I feel strongly that implementation of a scanner should involve your team. If your team isn't well trained and engaged in adopting the system, it's going to be a struggle. I'd suggest including key team members in testing several scanners and reach a consensus on the one that feels the most ergonomic and comfortable. My preference is towards a color scanner because it's visually more appealing to patients and preferred by lab technicians to help distinguish margins from cord and tissues. If you find one software application easier to use than another, then it's likely you will use it more often. Unfortunately, there isn't a "one-size-fits-all" option among the scanners. Regardless, all of the scanners in the latest generation are very easy to learn how to use when employing a laboratory workflow.

Considering the workflow is important as well. I'd contact an experienced digital laboratory and ask them if they are familiar with a variety of scanners and which scans they prefer to work with. You want to be sure that the scanner you select is versatile enough to work with the most common lab software applications. You also need to find out if there are any limitations regarding restorative and implant workflows. None of the scanners currently on the market are totally "open" to all implant companies, but some are very close. If using a scanner does not disrupt your daily workflow, you will find that it actually saves you time and improves your efficiency.

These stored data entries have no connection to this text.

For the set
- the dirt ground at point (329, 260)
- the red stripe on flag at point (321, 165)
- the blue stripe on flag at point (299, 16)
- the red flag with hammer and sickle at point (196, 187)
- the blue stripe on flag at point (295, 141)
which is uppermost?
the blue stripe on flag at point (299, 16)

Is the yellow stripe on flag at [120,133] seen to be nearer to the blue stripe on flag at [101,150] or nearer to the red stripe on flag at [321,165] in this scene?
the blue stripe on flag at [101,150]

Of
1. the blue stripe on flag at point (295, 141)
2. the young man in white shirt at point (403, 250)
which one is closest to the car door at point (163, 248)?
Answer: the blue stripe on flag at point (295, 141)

Finally, the value of customer support cannot be overstated. Each company has different support structures, and the work ethic of their regional representatives will vary. If all things are equal in terms of quality, price, and versatility, then I'm always going to choose the company that will provide me with unwavering support when needed. It's frustrating when you make a significant financial investment and your calls for help aren't answered. Ask the hard questions, lay out your expectations, and then make that purchase to get up-to-date. Digital scanning has been an amazing addition to my practice, and it can be for yours as well.

Parag Kachalia, DDS: Intraoral scanners are by no means a new technology. In fact, technology has been available to scan full arches for more than 10 years. In the early days of digital scanning, the choices were minimal, whereas today, the choices can be overwhelming. Unfortunately, there is not necessarily one scanner that is correct for every practice; however, by asking the correct questions, a clinician can find the scanner that is best suited for his or her individual office.

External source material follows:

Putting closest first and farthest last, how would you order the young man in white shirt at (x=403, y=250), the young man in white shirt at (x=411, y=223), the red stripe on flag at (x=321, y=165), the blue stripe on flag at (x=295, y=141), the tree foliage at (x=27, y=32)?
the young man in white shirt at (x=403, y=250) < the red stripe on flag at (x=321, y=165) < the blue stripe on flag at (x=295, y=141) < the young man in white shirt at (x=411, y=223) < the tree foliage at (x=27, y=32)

One of the first questions that needs to be asked is "how do you intend to use the scanner?" If the goal is simply to replace traditional impression materials in a crown and bridge workflow for primarily quadrant dentistry, then any scanner produced by a top tier manufacturer will meet your needs. On the other hand, if you find that you would like to capture full-arch impressions, then you may have a smaller cohort of choices. Another question that needs to be asked is "how important is color to you?" If you plan on using your intraoral scanner to present treatment options, a relatively true color output is important to help patients connect with the images they are viewing. You also need to think about any additional services that you would like to offer utilizing the data from your scanner. Do you plan on milling restorations in-office or offering specific brands of clear aligner therapy? If the answer is yes, then you may need to pick a scanner that has specifically opened up these workflows. Once you narrow down your choices to a few scanners that meet your needs, you will want to assess the total cost of ownership over 5 years and also gain a full understanding of the warranties, support systems, and software updates.  The reality is that as technology continues to improve, many clinicians will get an itch to upgrade around the 5-year mark.